Probably the most personally infuriating article in recent memory was the assertion of women as predominantly hunters:
https://www.scientificamerican.com/article/the-theory-that-men-evolved-to-hunt-and-women-evolved-to-gather-is-wrong1/
It was pure "Don't believe your lying eyes. Wet roads cause rain and, even if they don't, we know that historically roads could've gotten wet before the surrounding terrain."
Helmuth derides the racist, sexists of Indiana but she's more racist, sexist, and backwardly idiotic than any of them. To the point that her employer, who seemingly approved of the woke content at one point, had to ask her to step aside.
We call the notion that men were hunters and women gatherers a 'just so story' - an untestable narrative explanation for a cultural practice, a biological trait, or behavior of humans or other animals.

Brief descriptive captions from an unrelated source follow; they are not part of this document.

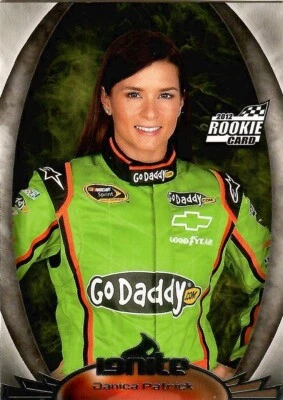 DANICA PATRICK (YOU PICK) SEE LIST & SCANS NRMT - Image 1 of 4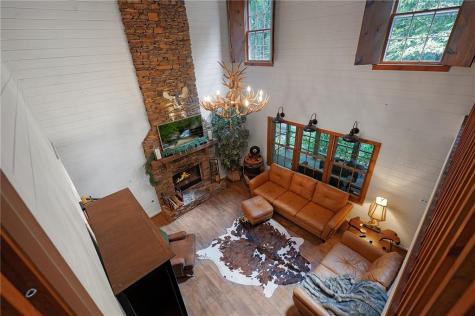 270 Buckskull Hollow Drive Big Canoe GA 30143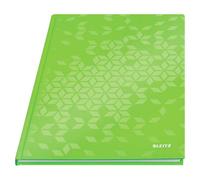 Leitz 46251054 Notebook Ruled Green 80 Sheets A4
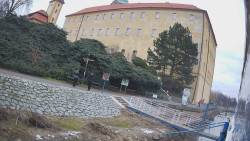 Loď Král Jiří - Poděbrady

The evidence is that women hunted and gathered. Even today women have skills in marks(wo)manship that equal men. Back in the olden times, from the Romans to the Inuit and dozens of cultures besides went as far as worshiping women as goddesses of the hunt. Diana, the Roman goddess of the hunt, was typically depicted with a bow and arrows. The idea that someone today can be personally infuriated by the research shows how deeply in thrall to ideology we can be.
I find it ironic that Kamala Harris' mom was actually a legit scientist (though a poor judge of potential mates). And the campaign focused on Kamala's background as a black woman, which she got from her Marxist professor father.
There really seems to be zero respect for science itself. If it can be used to advance their main goals, fine. If they can lie about science to advance their main goals, fine. If they can ignore science to advance their main goals, fine. But science by itself is essentially worthless to them.
"which she got from her Marxist professor father."
Pete Buttigieg also has a Marxist professor father (translated Gramsci's Prison Notebooks). Harris' Marxist professor father was an entirely different man. Trump's father was never a Marxist professor, but he was arrested at a KKK rally so he's no slack tit when it comes to heterodox political ideas.
Done by a woman, surprise surprise !
So how did this fascist editor get the job. If you disagree then explain to me why her actions and statements are not like Muscleweine circa 1938.